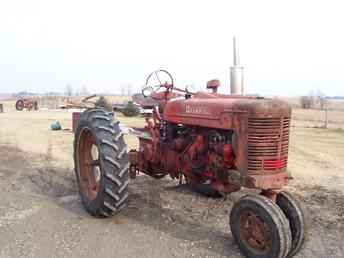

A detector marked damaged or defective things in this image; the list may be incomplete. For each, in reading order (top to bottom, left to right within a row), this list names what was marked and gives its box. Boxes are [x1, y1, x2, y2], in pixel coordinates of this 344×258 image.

rusty metal body [129, 86, 290, 194]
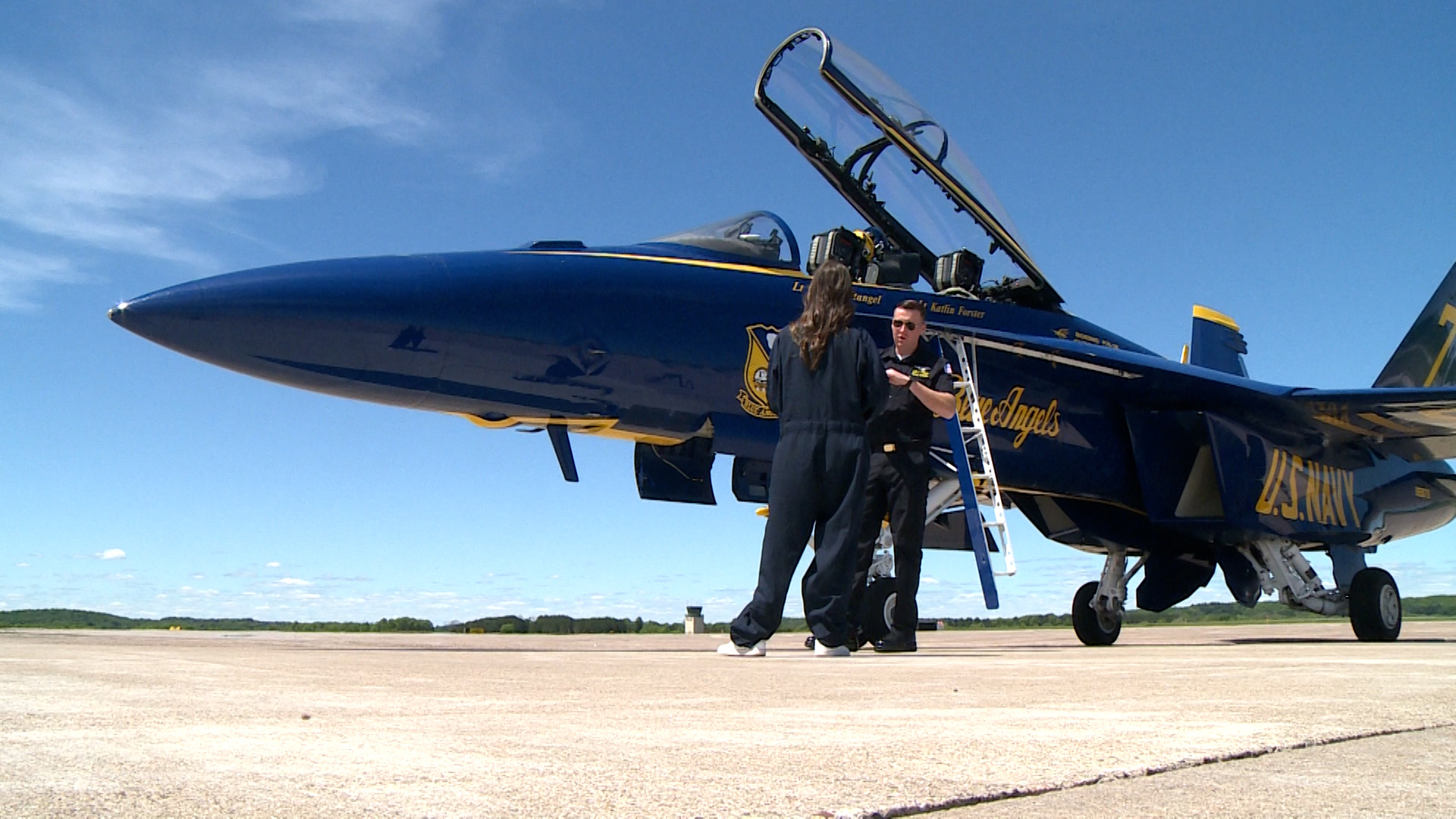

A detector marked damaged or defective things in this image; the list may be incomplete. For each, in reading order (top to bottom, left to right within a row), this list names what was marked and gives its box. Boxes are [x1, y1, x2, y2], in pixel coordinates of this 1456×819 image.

crack in pavement [850, 717, 1456, 810]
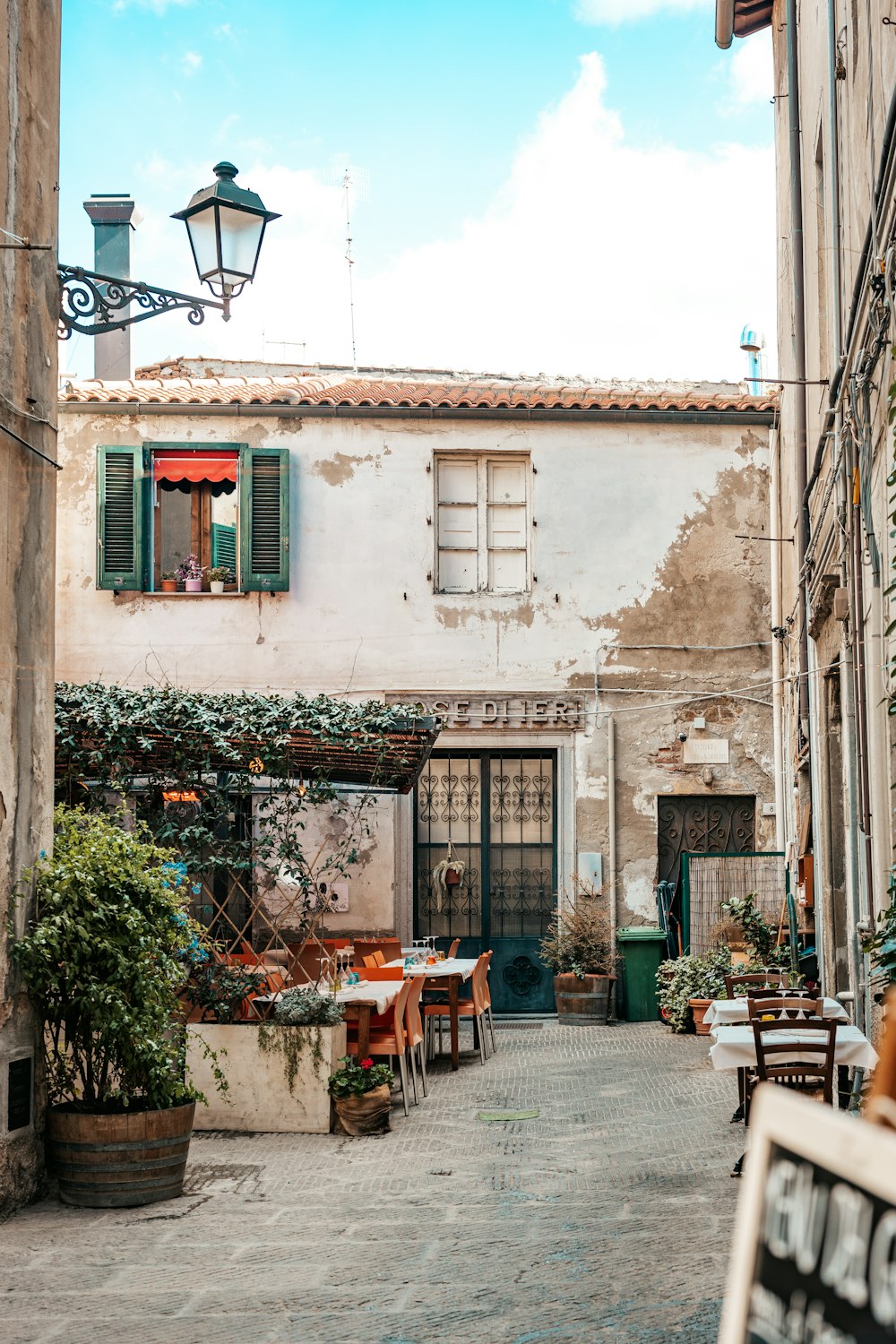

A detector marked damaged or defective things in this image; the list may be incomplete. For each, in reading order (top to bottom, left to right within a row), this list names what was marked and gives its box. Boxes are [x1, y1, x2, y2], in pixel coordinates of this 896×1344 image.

peeling plaster wall [0, 0, 59, 1220]
peeling plaster wall [56, 409, 773, 935]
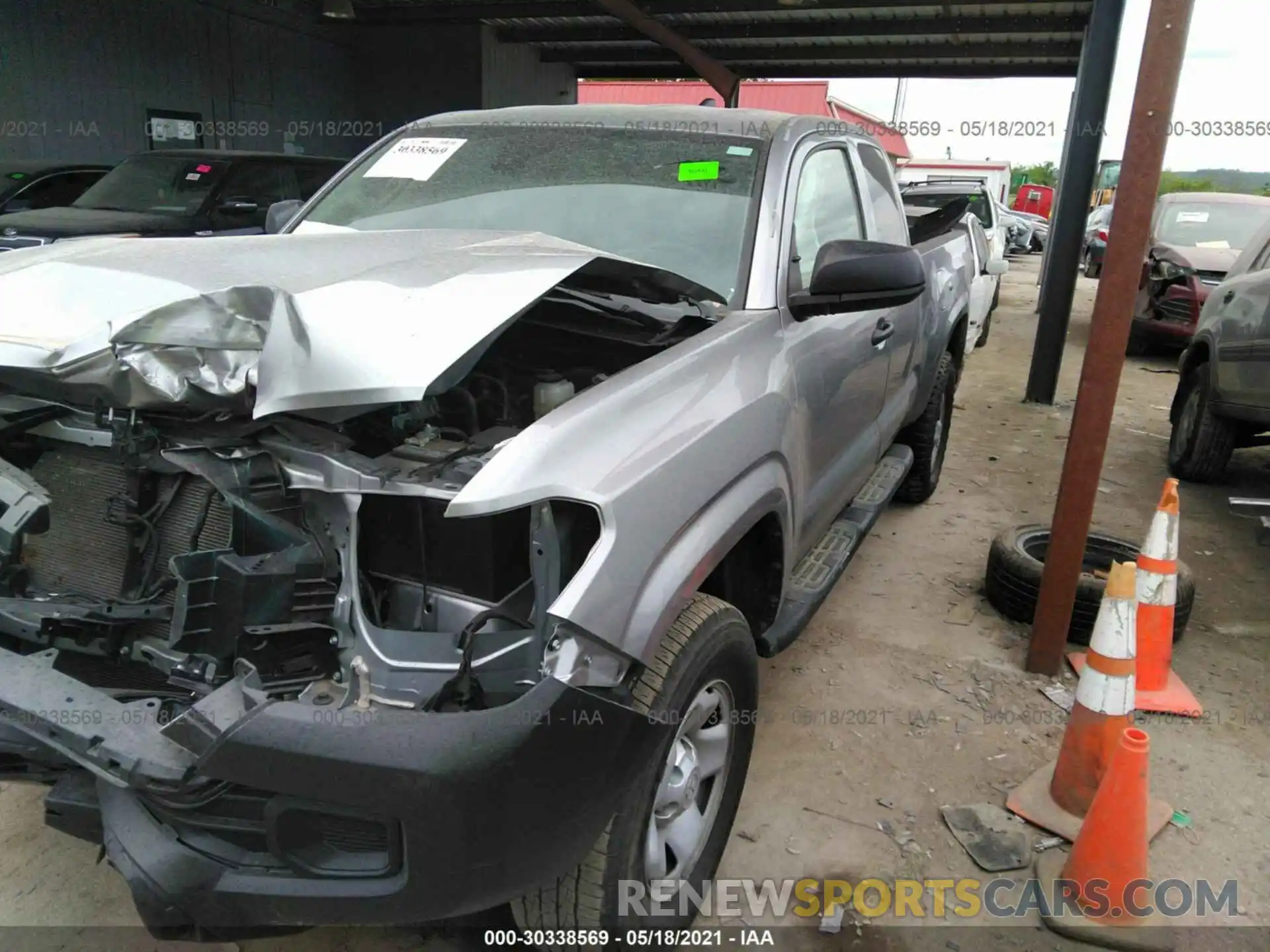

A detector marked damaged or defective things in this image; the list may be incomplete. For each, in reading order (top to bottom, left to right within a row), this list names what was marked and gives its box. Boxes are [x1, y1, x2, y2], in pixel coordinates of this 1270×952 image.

crumpled hood [0, 229, 714, 418]
damaged radiator [24, 447, 233, 598]
severe front damage [0, 229, 720, 931]
cracked bumper [2, 651, 664, 931]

···

→ **WORK REQUEST**: Using the listing above, write out exactly the lines from the one that holds "this 896×1344 image." through the last line, both included, and omit pictures.

→ **WRITTEN SOLUTION**:
A detector marked damaged or defective things in this image; the list may be incomplete. For each, in reading order (top to bottom, left to right within a row), this list names what was marked and gives its box. Boxes are [x1, y1, x2, y2], in pixel coordinates of this 896×1344 image.

peeling plaster wall [0, 0, 59, 1220]
peeling plaster wall [56, 409, 773, 935]

A detector marked damaged or defective things in this image; the list may be incomplete. For each, in reading order (top to bottom, left to right within a row), this list names what was marked and gives its box. Boxes are [x1, y1, x2, y2], in pixel coordinates of this 1270×952 image.

crumpled hood [0, 229, 714, 418]
damaged radiator [24, 447, 233, 598]
severe front damage [0, 229, 720, 931]
cracked bumper [2, 651, 664, 931]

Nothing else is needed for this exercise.